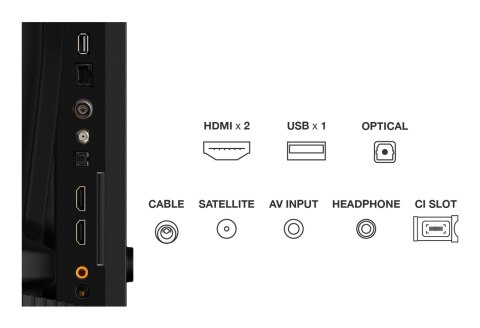 TCL Telewizor TCL 40S59K QLED 40'' Full HD Android TV Dolby Digital Plus DVB-T2 Metaliczny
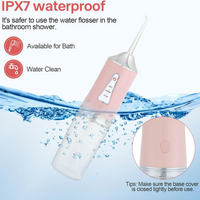 Professional Oral Irrigator for Teeth & Gums with 4 Jet Tips, 3 Modes & 360° Rotation , Water Dental Flosser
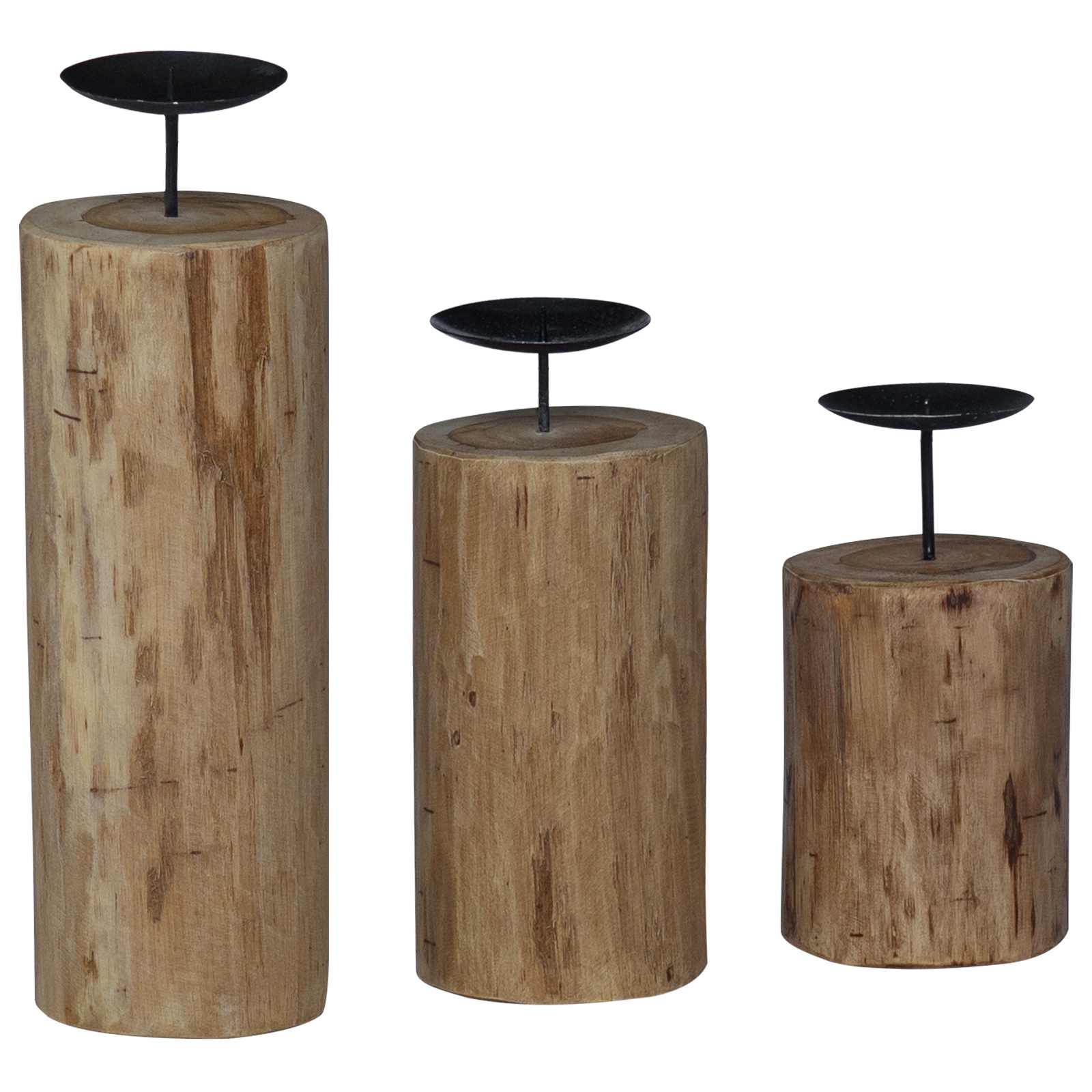 Ljushållare 3 Pcs Naturfärg Massivt Teakträ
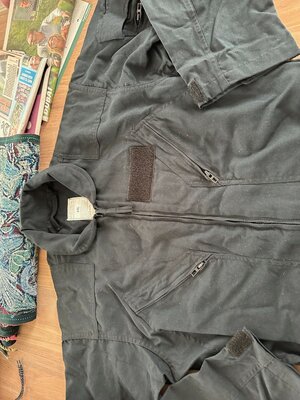 black Nomex CWU-27 Pilot suit size 44L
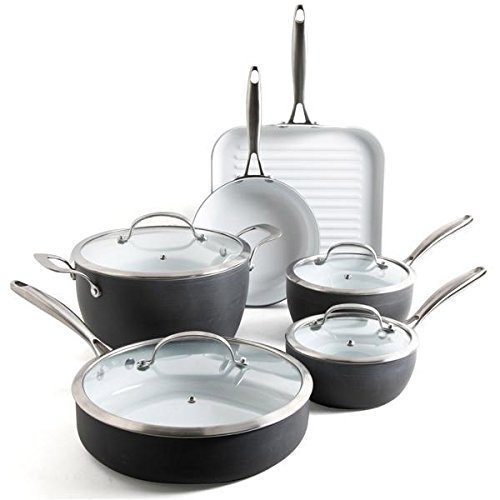 Hard Anodized Black Aluminium Cookware Set, Capacity: 5 Lt, Size: 3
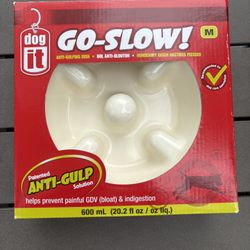 DogIt Brand Slow Go Slow Anti Gulp Bowl For Dogs SZ. Medium 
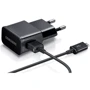 Зарядное устройство Samsung USB Wall Charger 2A with microUSB Cable Black (EP-TA12EBEUGRU): Кабель в комплекте microUSB
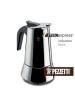 Moka konvice Pezzetti SteelExpress, nerez, 2 lky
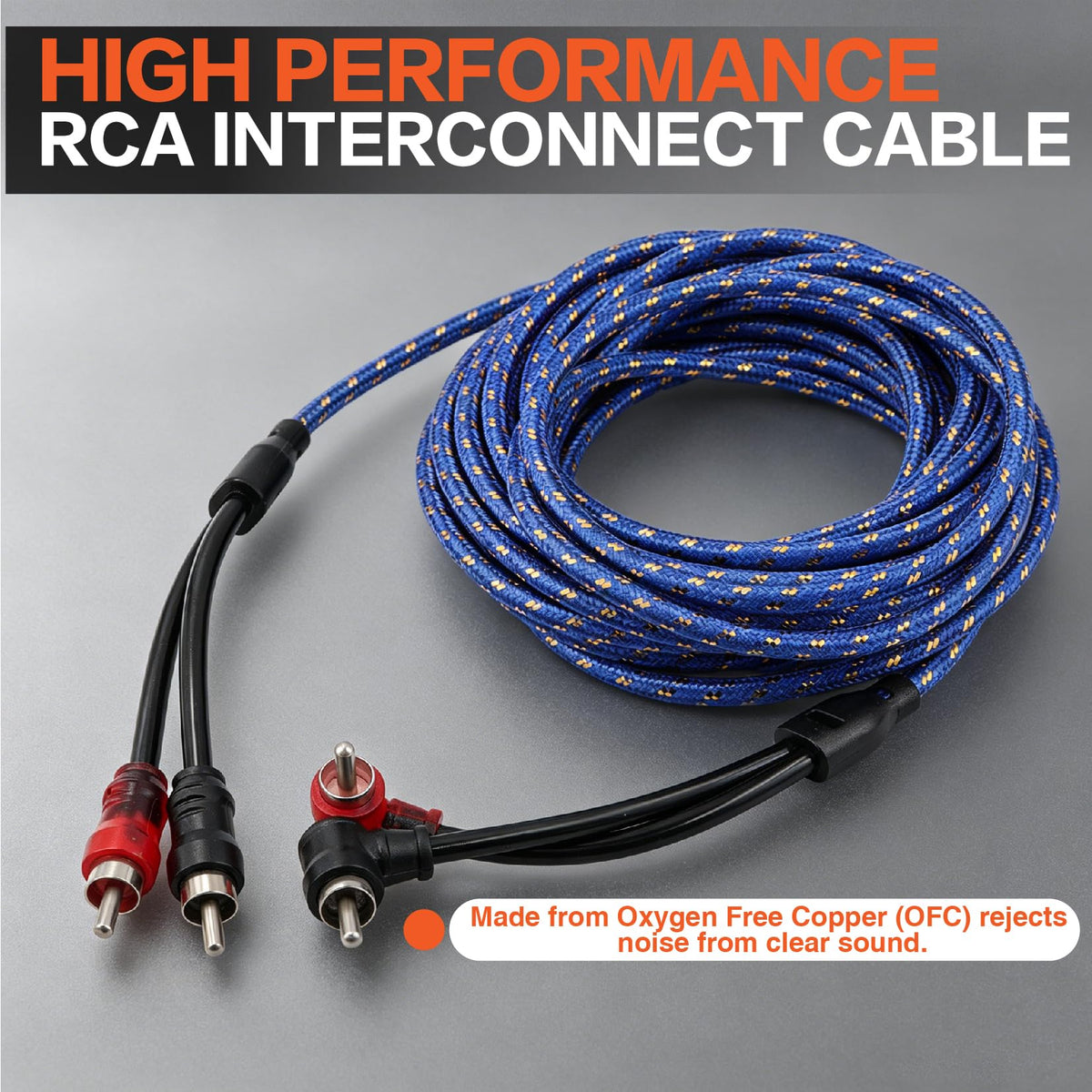 0 Gauge Car Audio Amp Wiring Kit 3000W with Bass Knob T129681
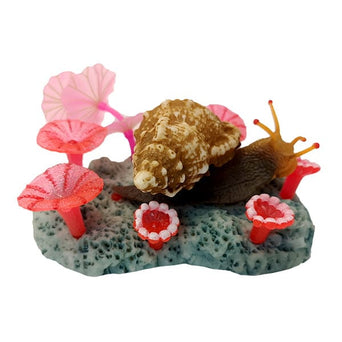 Fish Gear Fish Gear Snail & Glow Mushrooms Aquarium Ornament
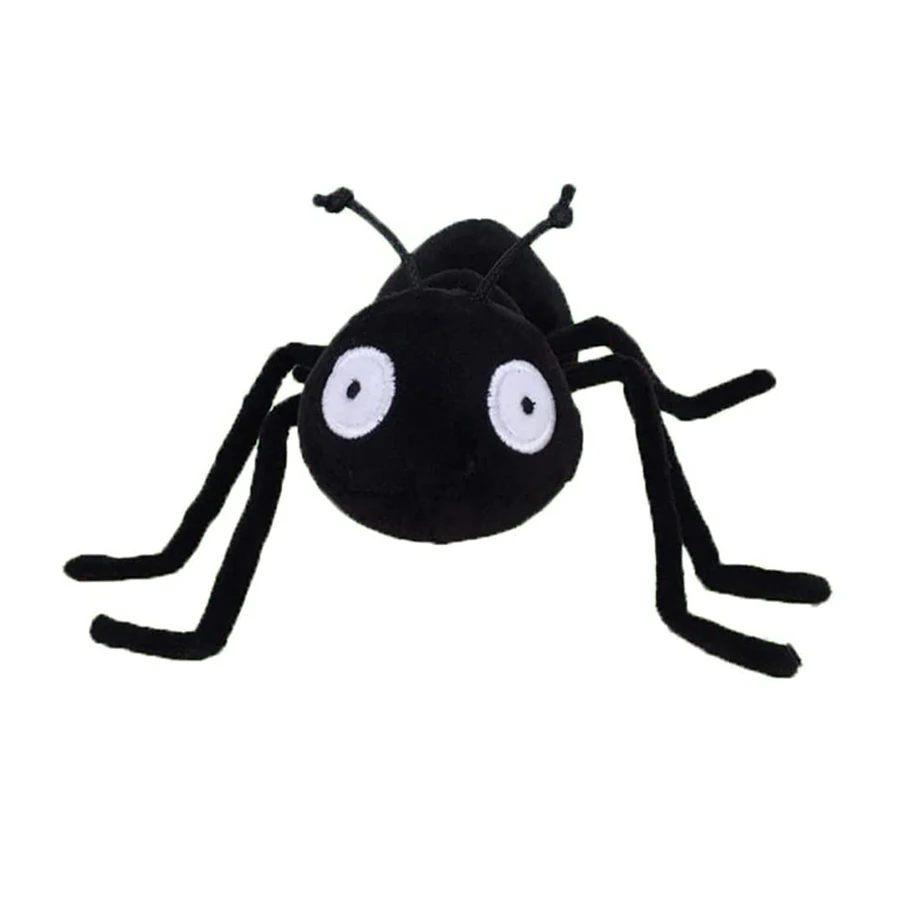 4107 Lifelike 3D Cartoon Big Eyes Plush Stuffed Black Ant Insect Toys Children Play Ant Plush Toy
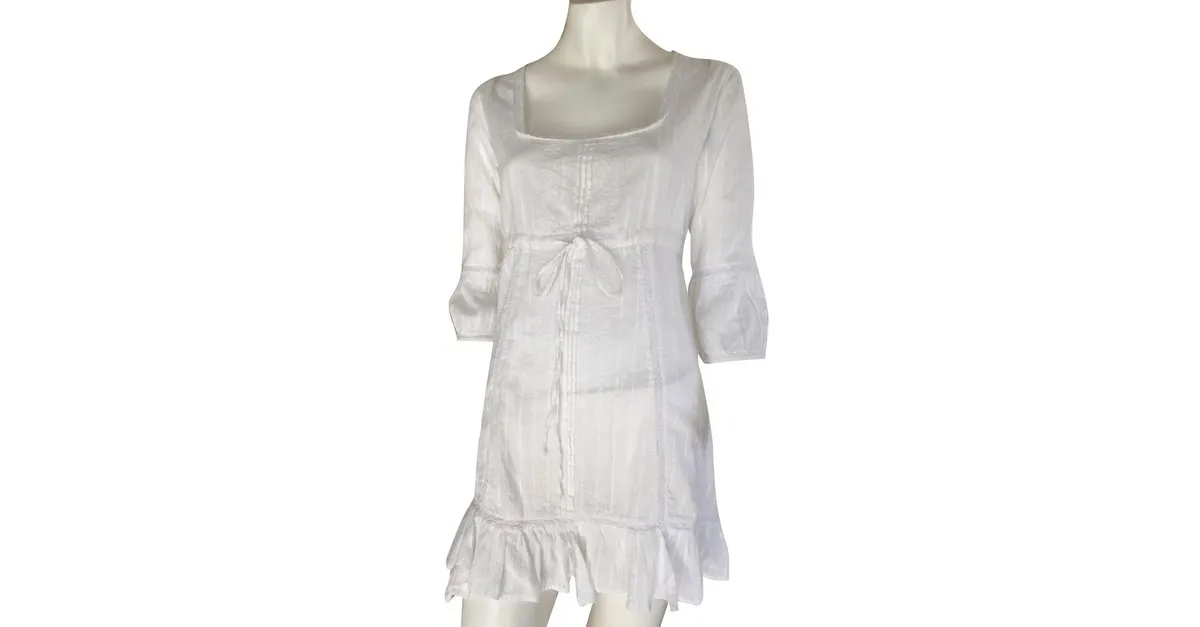Ichi Vestido Blanco 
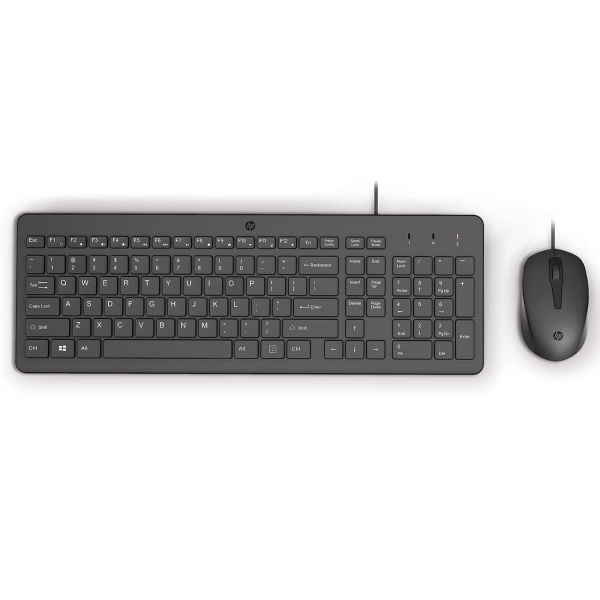 картинка Проводные клавиатура+мышь HP 100 240J7AA, HP 150 Wired Mouse от магазина itmag.kz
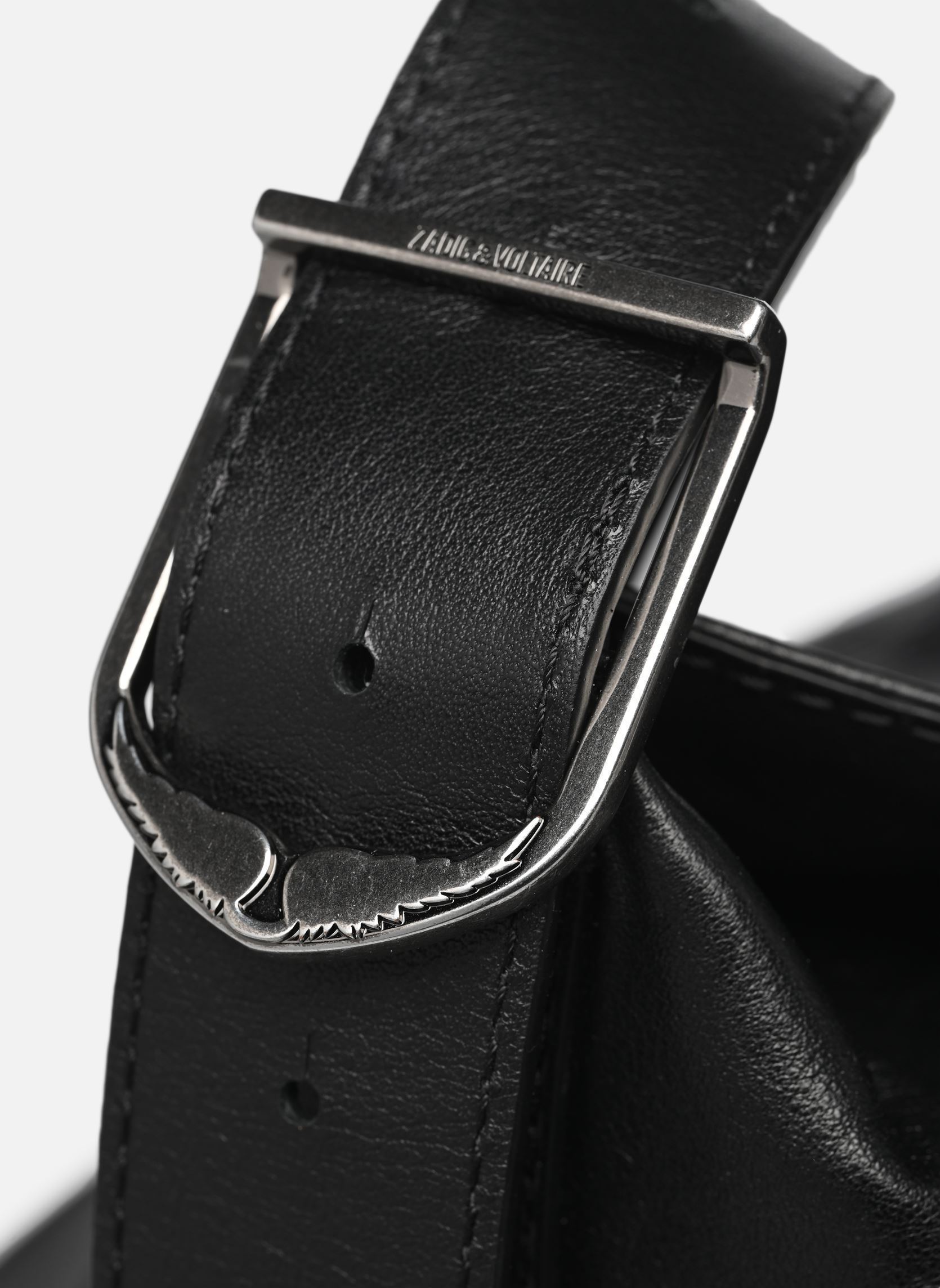 Bandolera Jane Calfskin Leather mujer negro Zadig & Voltaire Bandolera Jane Calfskin Leather mujer negro BLACK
• • • •
**WORK TO COMPLETE:** A word-for-word copy of the entries above is what is needed, without any images.

**THE COMPLETED TASK:**
 TCL Telewizor TCL 40S59K QLED 40'' Full HD Android TV Dolby Digital Plus DVB-T2 Metaliczny
 Professional Oral Irrigator for Teeth & Gums with 4 Jet Tips, 3 Modes & 360° Rotation , Water Dental Flosser
 Ljushållare 3 Pcs Naturfärg Massivt Teakträ
 black Nomex CWU-27 Pilot suit size 44L
 Hard Anodized Black Aluminium Cookware Set, Capacity: 5 Lt, Size: 3
 DogIt Brand Slow Go Slow Anti Gulp Bowl For Dogs SZ. Medium 
 Зарядное устройство Samsung USB Wall Charger 2A with microUSB Cable Black (EP-TA12EBEUGRU): Кабель в комплекте microUSB
 Moka konvice Pezzetti SteelExpress, nerez, 2 lky
 0 Gauge Car Audio Amp Wiring Kit 3000W with Bass Knob T129681
 Fish Gear Fish Gear Snail & Glow Mushrooms Aquarium Ornament
 4107 Lifelike 3D Cartoon Big Eyes Plush Stuffed Black Ant Insect Toys Children Play Ant Plush Toy
Ichi Vestido Blanco 
 картинка Проводные клавиатура+мышь HP 100 240J7AA, HP 150 Wired Mouse от магазина itmag.kz
 Bandolera Jane Calfskin Leather mujer negro Zadig & Voltaire Bandolera Jane Calfskin Leather mujer negro BLACK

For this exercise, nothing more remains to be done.